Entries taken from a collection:
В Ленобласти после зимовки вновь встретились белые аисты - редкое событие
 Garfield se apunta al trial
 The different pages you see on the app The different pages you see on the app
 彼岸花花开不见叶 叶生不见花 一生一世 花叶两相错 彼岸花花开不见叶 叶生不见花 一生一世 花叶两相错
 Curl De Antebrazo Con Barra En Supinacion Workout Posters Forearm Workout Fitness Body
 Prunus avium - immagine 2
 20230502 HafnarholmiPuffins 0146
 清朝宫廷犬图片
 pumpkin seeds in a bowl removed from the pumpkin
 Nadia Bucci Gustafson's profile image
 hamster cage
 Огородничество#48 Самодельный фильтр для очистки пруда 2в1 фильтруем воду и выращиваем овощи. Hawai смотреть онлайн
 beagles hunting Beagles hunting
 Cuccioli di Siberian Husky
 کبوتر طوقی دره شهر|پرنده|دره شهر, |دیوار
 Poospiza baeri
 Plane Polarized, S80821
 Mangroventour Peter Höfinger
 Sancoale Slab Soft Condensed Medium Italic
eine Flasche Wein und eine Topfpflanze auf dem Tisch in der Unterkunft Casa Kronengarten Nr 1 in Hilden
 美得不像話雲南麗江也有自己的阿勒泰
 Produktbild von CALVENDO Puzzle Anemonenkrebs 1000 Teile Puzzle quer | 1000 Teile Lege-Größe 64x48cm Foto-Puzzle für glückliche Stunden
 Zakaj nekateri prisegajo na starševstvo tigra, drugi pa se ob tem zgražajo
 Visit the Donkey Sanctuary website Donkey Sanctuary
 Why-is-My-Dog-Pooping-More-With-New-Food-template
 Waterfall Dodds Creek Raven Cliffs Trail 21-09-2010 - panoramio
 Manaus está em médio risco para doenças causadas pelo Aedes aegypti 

* **PROBLEM REQUIREMENTS**: Word for word, repeat the lines from the one holding "Sancoale Slab Soft Condensed Medium Italic" through the last line of the entries, both included.

* **ANSWER BOX**:
 Sancoale Slab Soft Condensed Medium Italic
eine Flasche Wein und eine Topfpflanze auf dem Tisch in der Unterkunft Casa Kronengarten Nr 1 in Hilden
 美得不像話雲南麗江也有自己的阿勒泰
 Produktbild von CALVENDO Puzzle Anemonenkrebs 1000 Teile Puzzle quer | 1000 Teile Lege-Größe 64x48cm Foto-Puzzle für glückliche Stunden
 Zakaj nekateri prisegajo na starševstvo tigra, drugi pa se ob tem zgražajo
 Visit the Donkey Sanctuary website Donkey Sanctuary
 Why-is-My-Dog-Pooping-More-With-New-Food-template
 Waterfall Dodds Creek Raven Cliffs Trail 21-09-2010 - panoramio
 Manaus está em médio risco para doenças causadas pelo Aedes aegypti 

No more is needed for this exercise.